15.    Successors and Assigns. This Subordinated Note shall be binding upon the Company and inure to the benefit of the Holder and its respective successors and permitted assigns. The Holder may assign all, or any part of, or any interest in, the Holder’s rights and benefits hereunder at any time without notice to or consent of the Company, and the failure of Holder to comply with the requirements of Section 4 shall have no effect of the effectiveness of such assignment. To the extent of any such assignment, such assignee shall have the same rights and benefits against the Company and shall agree to be bound by and to comply with the terms and conditions of the Purchase Agreement as it would have had if it were the Holder hereunder.

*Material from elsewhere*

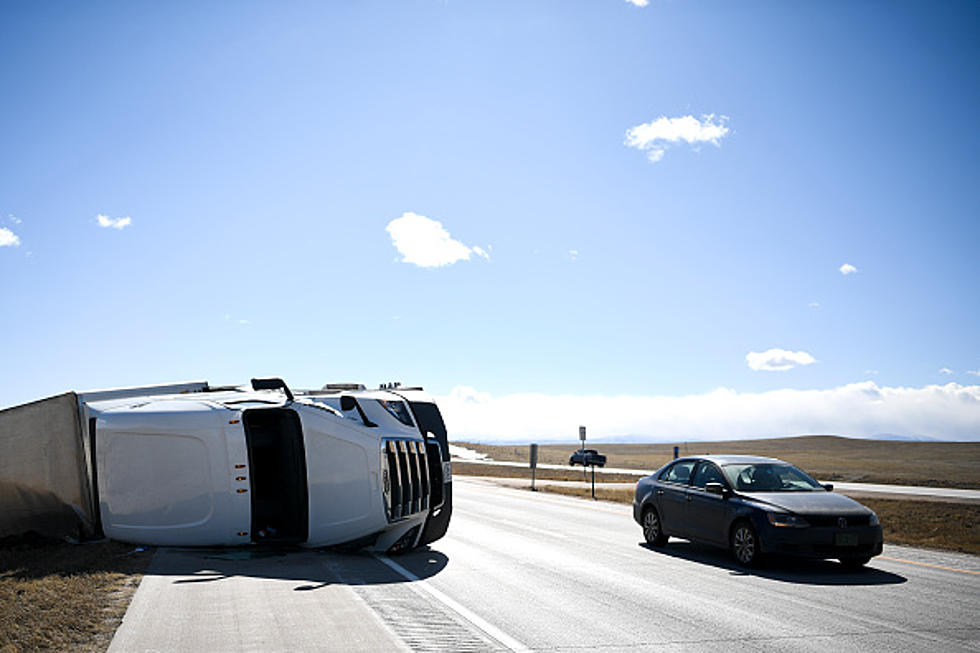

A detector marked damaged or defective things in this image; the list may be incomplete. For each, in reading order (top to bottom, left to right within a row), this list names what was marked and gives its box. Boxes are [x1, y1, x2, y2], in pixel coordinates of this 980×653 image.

overturned semi-truck [0, 376, 452, 552]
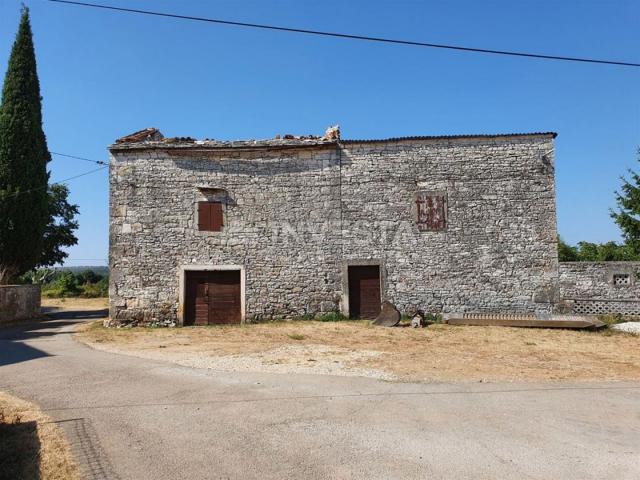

The Company may not assign this Subordinated Note or its obligations hereunder except as provided in Section 9 hereto or with the prior written consent of the Holder.

 

16.    Notes Solely Corporate Obligations. The Holder shall not have any recourse for the payment of principal or interest, on any Subordinated Note, for any claim based thereon or otherwise with respect thereto, under any obligation, covenant or agreement of the Company in this Subordinated Note, or because of the creation of any indebtedness represented hereby, against any incorporator, stockholder, employee, agent, officer, director or subsidiary, as such, past, present or future, of the Company or of any successor Person, either directly or through the Company or any successor Person, whether by virtue of any constitution, statute or rule of law, or by enforcement of any assessment or penalty or otherwise. The Holder agrees that all such liability is hereby expressly waived and released as a condition of, and consideration for, the execution and issuance of this Subordinated Note.

 

17.    Waivers. Neither any failure nor any delay on the part of the Holder in exercising any right, power or privilege under this Subordinated Note shall operate as a waiver thereof, nor shall a single or partial exercise thereof preclude any other or further exercise of any other right, power or privilege.